Transcript on free speech and free thought from the 1942 movie The Male Animal with Henry Fonda.
Now if the class will come to order, please.
Last Friday, if you remember, I happened to mention that I wanted to read you three letters written by men whose profession was not literature, but who had something sincere to say.
Once I declared that harmless intention, the world began to shake, great institutions trembled and football players descended upon me and my wife. I realized then that I was doing something important.
The men whose letters I picked were Abraham Lincoln, General Sherman, and Bartolomeo Vanzetti. Initially, I chose Vanzetti to show that even broken English can sometimes be very moving and eloquent.
Oppressor: “This isn’t just about broken English, it’s more than that.”

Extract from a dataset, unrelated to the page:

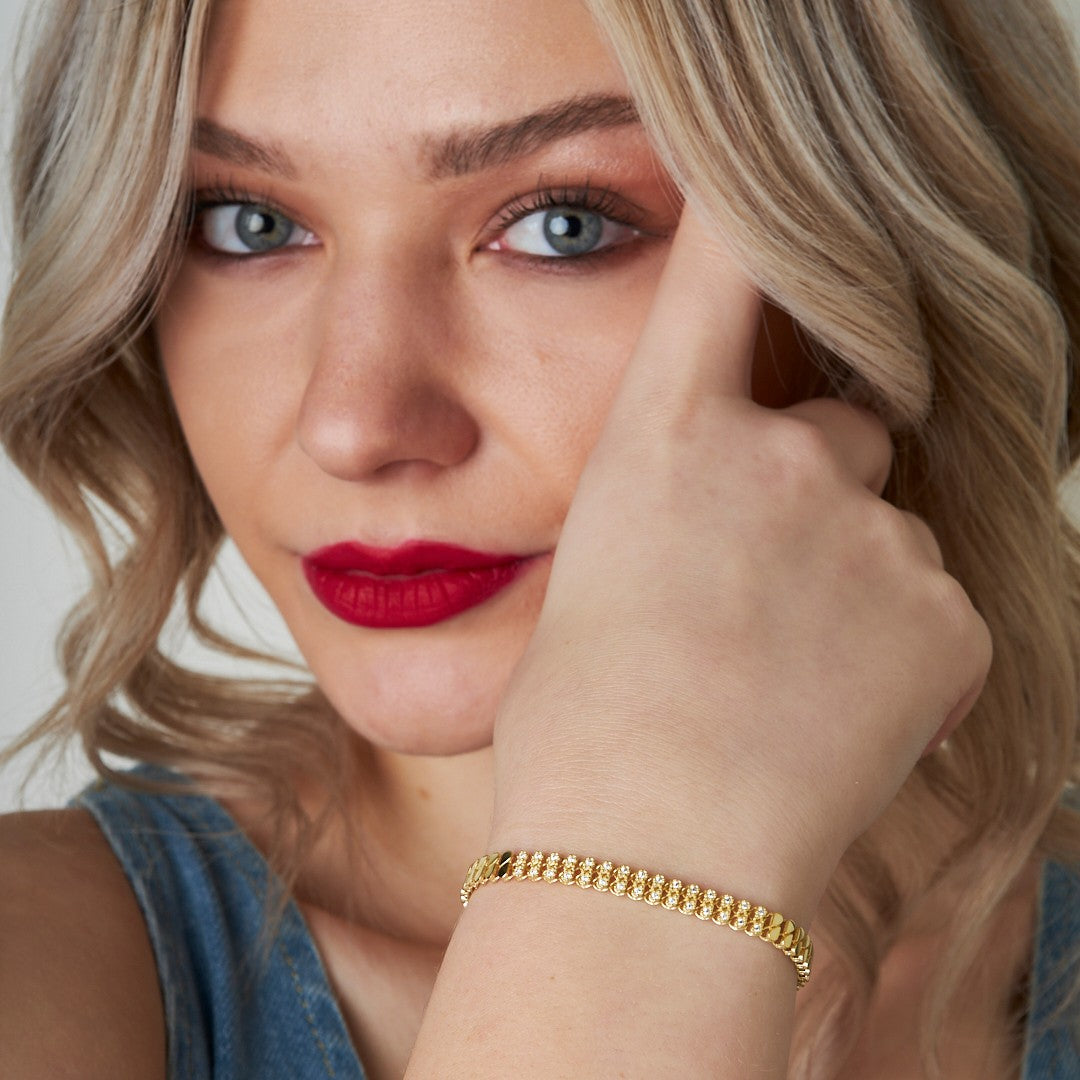 Water Drop Chain Bracelet - 925 SILBER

Hester, you’ve made it more than that.
Oppressor: “Well, Vanzetti was an anarchist. He was convicted…”
Thomas Quincy was an opium eater, and Edgar Allen Poe was a drunkard. And Carl Marks was a communist. I’m not advocating opium or alcohol or communism or anarchy. And if I were, you’d have a perfect right to remove me.
This was supposed to be a class in English composition, and I am saying that I have a right to read any great writings regardless of their authors’ personal habits or political opinions.
Oppressor: “And I still say it’s a dangerous thing to bring up?”
No, sir. It’s a dangerous thing to keep down on if you wanna make that political all right. I’m fighting for teachers’ rights and students’ rights and the rights of everybody in this land. You can’t suppress ideas, Mr. Keller, just because you don’t like them. Nobody can. Not in this country. Not yet.
This is not about Vanzetti. It’s, not a question of whether he was guilty or innocent. It’s about us. This is a university. We’re teachers, and it’s our business to be impartial. To bring what light we can into this muddled world to try to follow the truth.
And if I can’t read this letter today if it must be suppressed before you even heard what it is, tomorrow none of us will be able to read anything or teach anything except what Edward K. Keller and the trustees permit us to teach. And you know where that leads and where it has led in other places.
We hold the fortress of free thought and free speech in this place this afternoon, and if we surrender to prejudice and dictation, we’re cowards. I have no idea what started all this. I don’t know quite how I got into this fight. I’m not a politician. I have nothing personally to gain by reading this letter. And there’s little more that I can lose. I only know I have to read it.